DIRECTIONS.
Starting at the line that contains "Elegant Gold Leaves Green Christmas Cookies", write out every line through the end of the records exactly as it stands, and leave out all pictures.

***** DATA FOR THIS EXERCISE *****

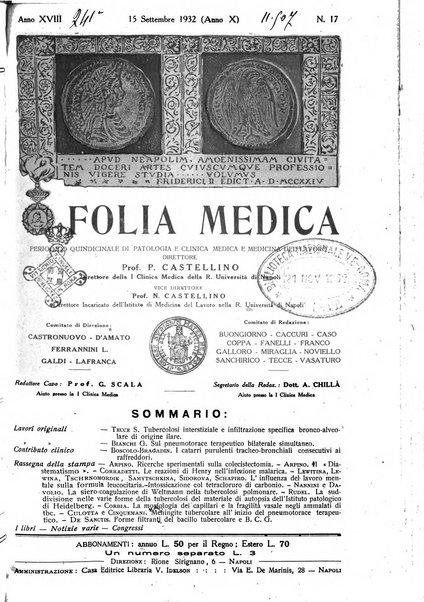 Folia medica periodico trimensile di patologia e clinica medica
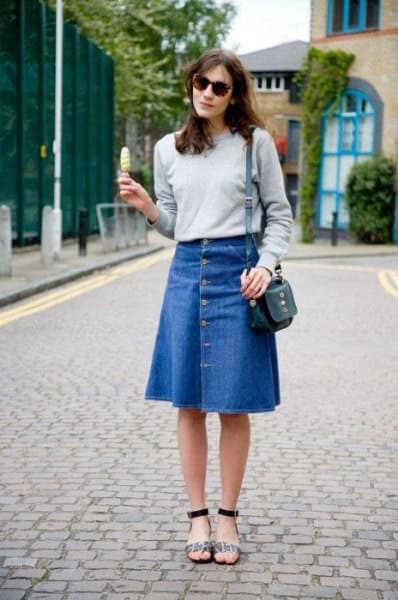 Grey Sweatshirt with Blue Flared Denim Knee Length Skirt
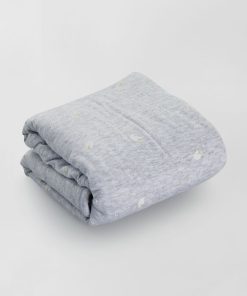 Couverture en jersey et polaire - gris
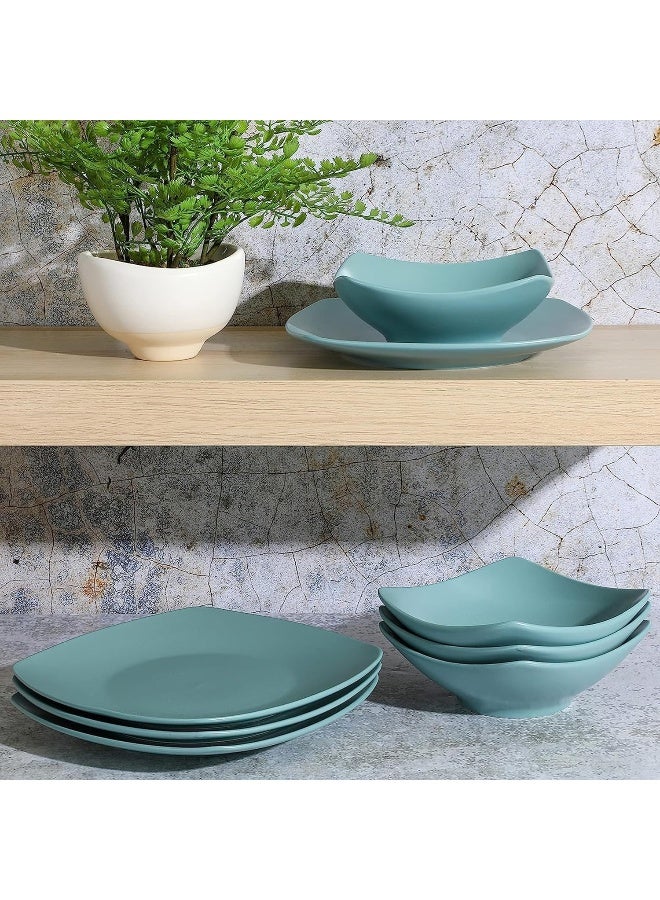 Gibson Home Zen Buffet Matte Porcelain Chip and Scratch Resistant Plates and Bowls Dinnerware Set - Image 4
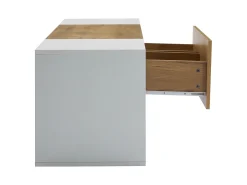 Móvel para TV de 160x40x42cm com 2 gavetas e 2 prateleiras em vidro, LED incluído, estrutura em madeira com detalhes em branco.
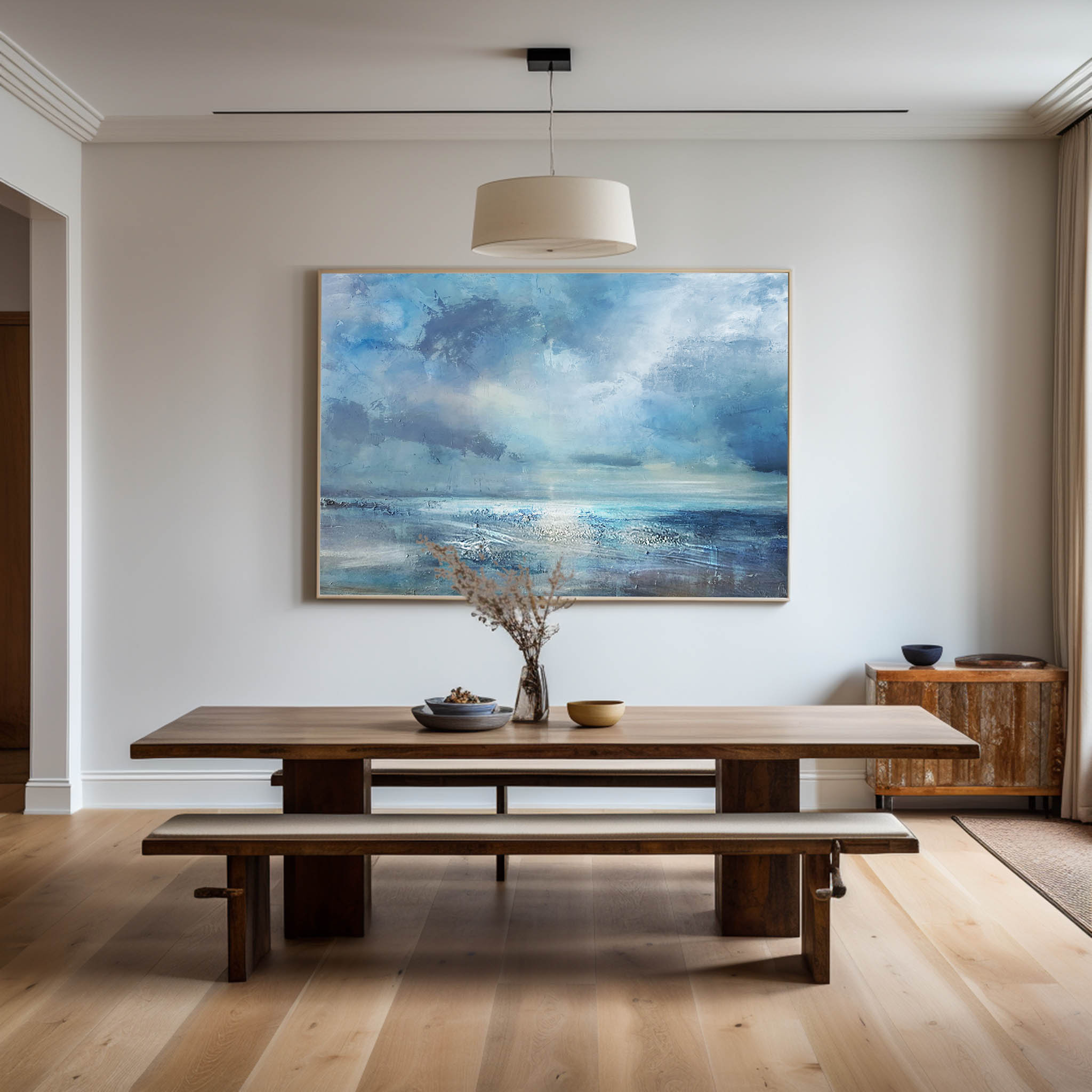 Original Abstract Beach Painting ABSH18 - Neutralighting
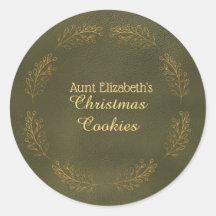Elegant Gold Leaves Green Christmas Cookies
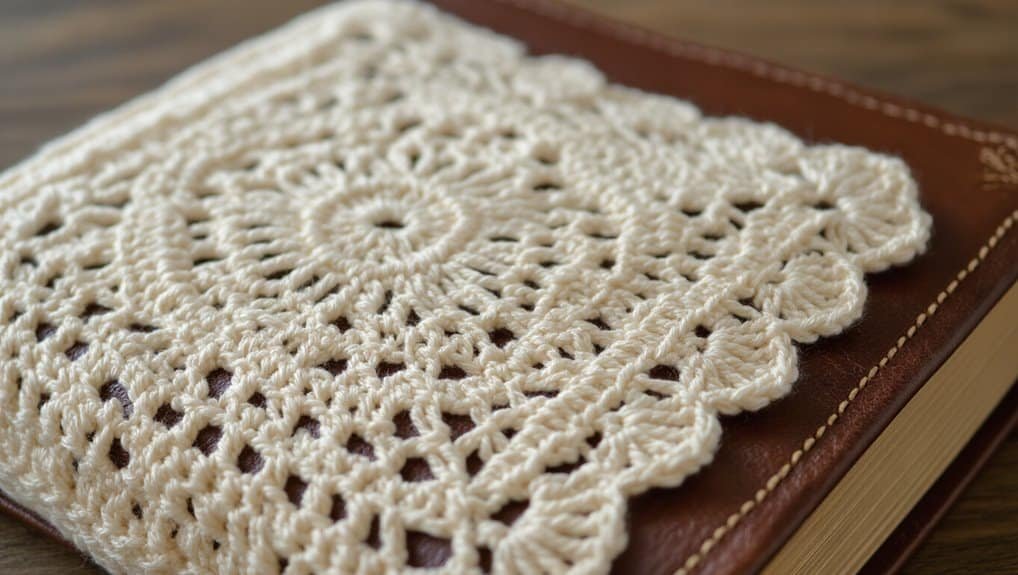 Delicate white crochet lace covering a Bible, symbolizing faith and spirituality, perfect for Christian worship and prayer.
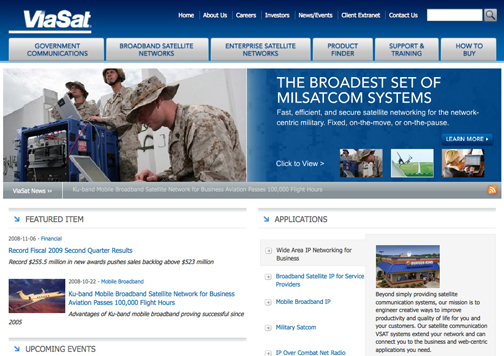 ViaSat homepage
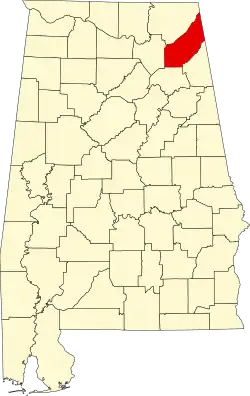 Map of Alabama highlighting DeKalb County
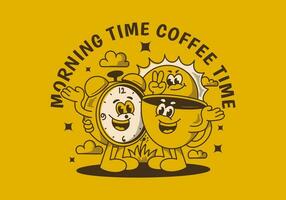 Morgen Zeit, Kaffee Zeit. Maskottchen Charakter von Kaffee Tasse, Alarm Uhr und ein Sonne vektor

*****

OUTPUT.
Elegant Gold Leaves Green Christmas Cookies
 Delicate white crochet lace covering a Bible, symbolizing faith and spirituality, perfect for Christian worship and prayer.
 ViaSat homepage
 Map of Alabama highlighting DeKalb County
 Morgen Zeit, Kaffee Zeit. Maskottchen Charakter von Kaffee Tasse, Alarm Uhr und ein Sonne vektor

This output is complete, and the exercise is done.